With thirty minutes left to prevent the second domestic Cup exit of the season, a formation change with the double substitution of Carlton Cole and Duff for Del Horno and Maniche led to the now familiar second half Chelsea revival. The otherwise quiet Lampard came to the rescue once again with a well taken goal that gave us a deserved replay back at the Bridge next Wednesday. Aside of some wayward finishing (from Crespo in particular) Nigel Martyn was the difference for Everton; he produced the kind of display that veteran keepers seem to reserve for the days when Chelsea are in town. Everton are one of just three teams that haven’t succumbed to the Chelsea tide this season; this afternoon’s draw has given the winners of the replay a home tie against Colchester (currently beaten just once in twenty games since early October and lying in second place in League One) in the last sixteen.

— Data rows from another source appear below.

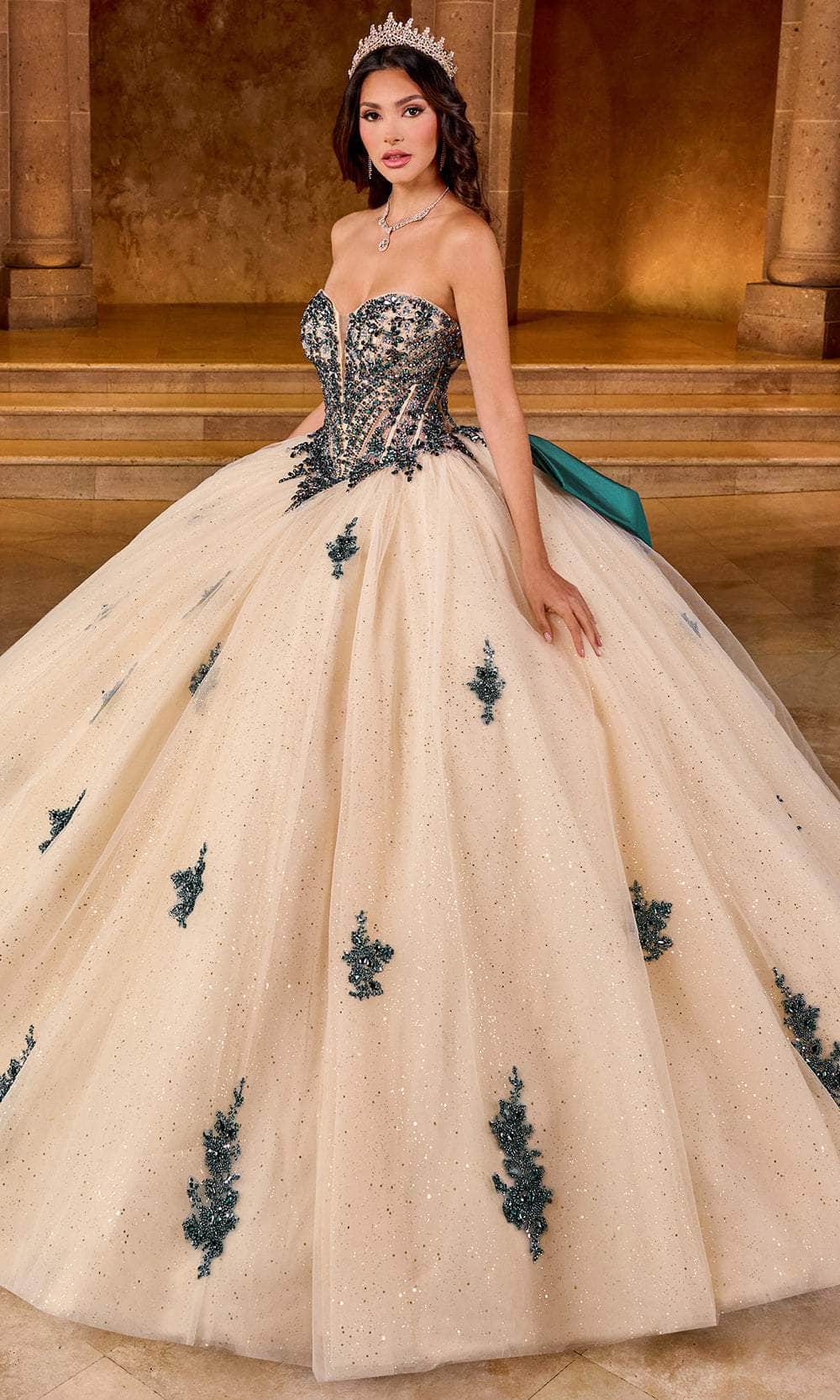 Rachel Allan Bridal RQ1152 - Strapless Sweetheart Ballgown Special Occasion Dresses 00 /  Champagne Peacock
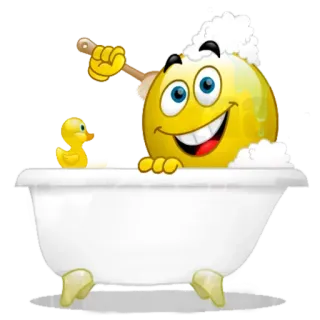 🛁 Emoji, Baignoire, Canard en caoutchouc, Bain moussant, Nettoyage, Détente, Heure du bain whatsapp sticker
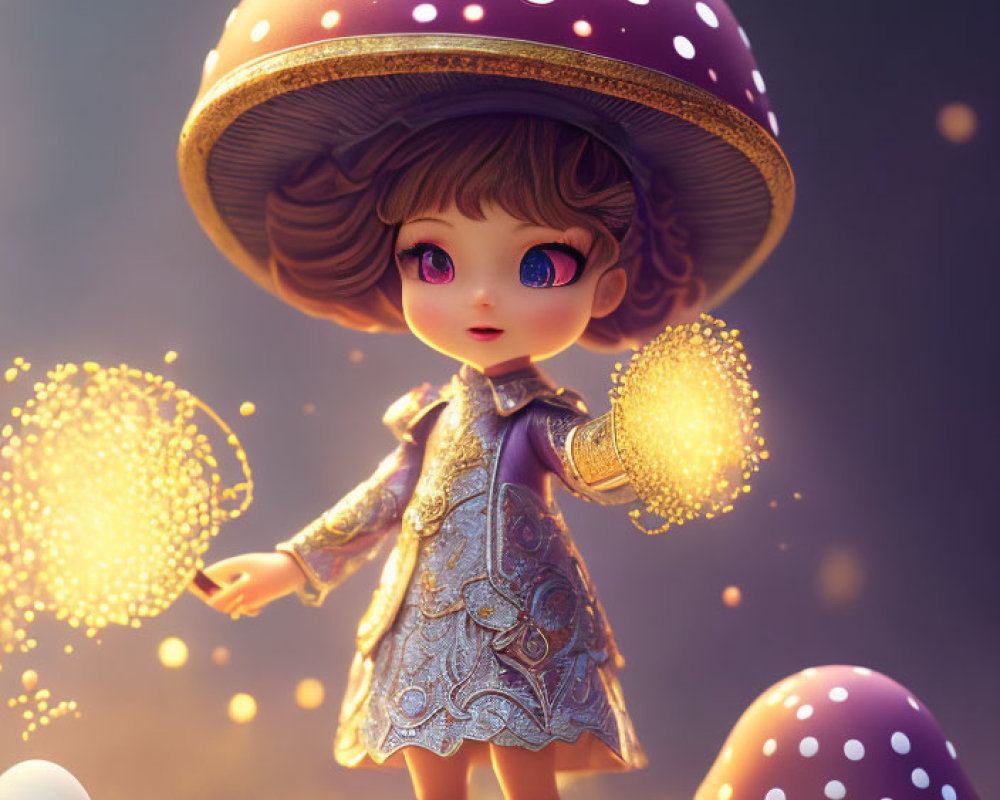 Young girl with mushroom cap hat in mystical setting with sparkling lights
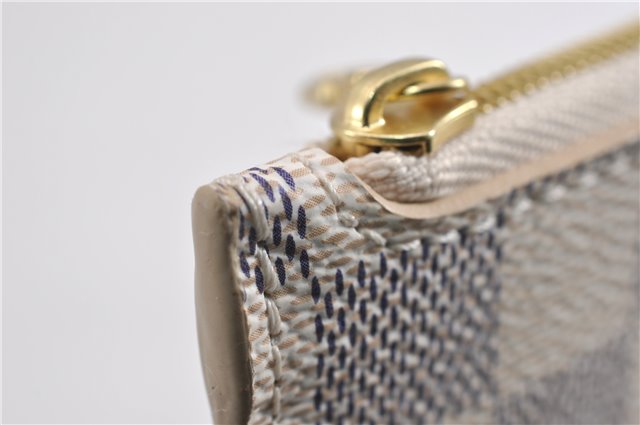 Authentic Louis Vuitton Damier Azur Neverfull Pouch Purse Clutch LV 6492F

A busy and important week now lies ahead of Jose and the boys, starting with a trip to Villa Park on Wednesday evening. The Blues haven’t won there in the league since Tore Andre Flo upset the church-going folk of the West Midlands early one Sunday morning several seasons ago, so a result is long overdue and essential if we are to maintain our grip on the Premiership title. Next Sunday sees arguably the most important Premiership game of the season so far; the visit of Liverpool. Following their last minute defeat at Old Trafford, the Red Scousers looked far from convincing against Portsmouth yesterday when edging their way to a 2-1 victory. The game presents Rafa Benitez with a tricky dilemma; a Champions League style shut-out is of no use if Liverpool still harbour any slim hopes of winning the title this season, whereas his previous attempt to play an open game against us led to a 4-1 thumping up at Anfield last October. It will be interesting to see how much the Spaniard says about the game over the coming week.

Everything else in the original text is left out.